SI’s evaluation was driven by two main questions: what is the program’s ability to build government capacity to address migrants’ needs, and how does the programming contribute to strategic regional responses for vulnerable migrants? To answer these questions, SI’s team examined PRM-IOM’s five-pillar approach to Regional Migration Programs (RMPs), which was a model designed to build sustainable government capacity to manage migration for their 10 RMPs at the time. The pillars included capacity building, direct assistance to vulnerable migrants, links to regional migration dialogues, IOM-United Nations High Commissioner for Refugees coordination, and emergency migration management. In particular, the evaluation examined the five-pillar approach’s relevance, appropriateness, and whether and how the model should be refined in the future.
SI’s evaluation utilized qualitative and quantitative methods, beginning with a thorough document review of project materials and key literature. The team then conducted primary data collection in Kenya, Djibouti, Ethiopia, Costa Rica, Guatemala, and Mexico through nearly 300 interviews. SI’s team additionally captured survey data from IOM staff across several regions and programs.

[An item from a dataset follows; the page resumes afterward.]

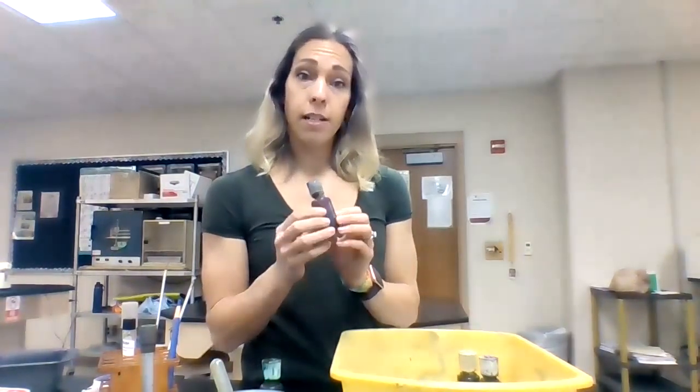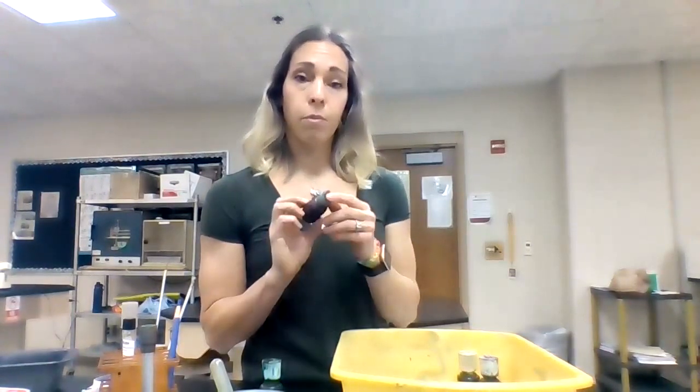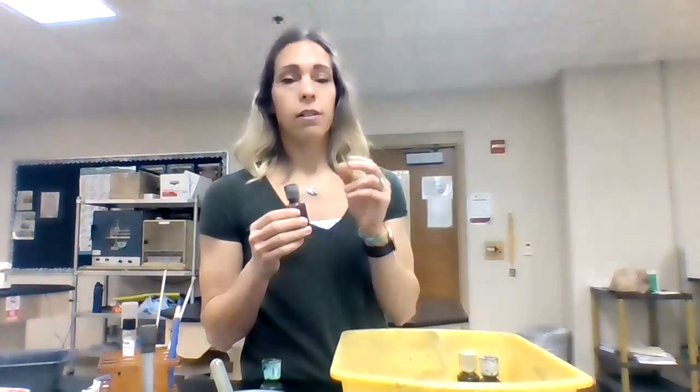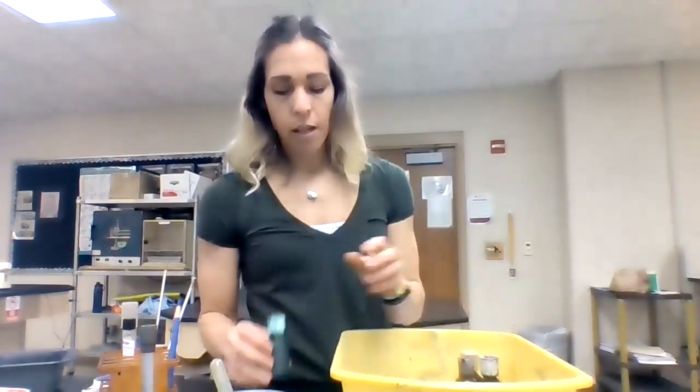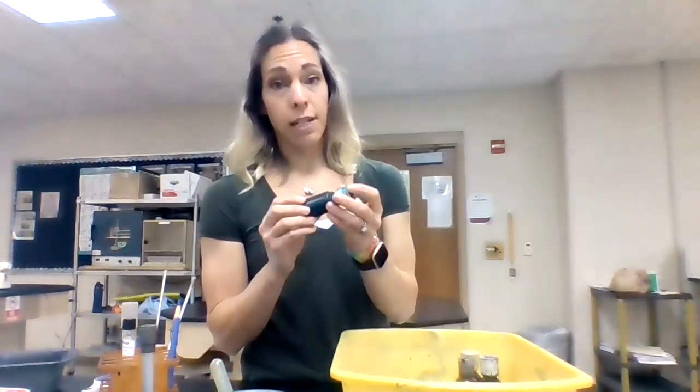The other one you have is safranin — safranin is a pink colored stain, labeled with an S. I remember this one because saffron the spice is kind of like a pinky colored thread, so safranin is a pink colored stain. And then you have malachite green — just like the name, it's green.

Conclusions and Recommendations
SI’s evaluation discovered that RMPs led to increases in government officials’ and others’ knowledge of migration and vulnerability and made positive changes in their attitudes towards migrants. In addition to these advances, SI suggested further training for IOM officials, given responses citing additional support being needed for migrant screening practices and assisting sexual violence victims. Despite significant practical and political challenges, IOM has incrementally improved regional understandings of and approaches to migration. IOM’s support for regional cooperation structures was exemplary in both regions. To improve upon the existing capacity building practices across the regions, SI suggested the use of clear strategies and greater alignment with international best practices.
The evaluation team provided several overarching recommendations including simplifying IOM activities to focus on those most likely to build government capacity, integrating systematic approaches to monitoring and evaluating activities, and broadening partnerships to build greater capacity. SI’s findings and recommendations prompted DoS/PRM to alter its programming to both improve conditions for migrants and increase the long-term sustainability of the assistance.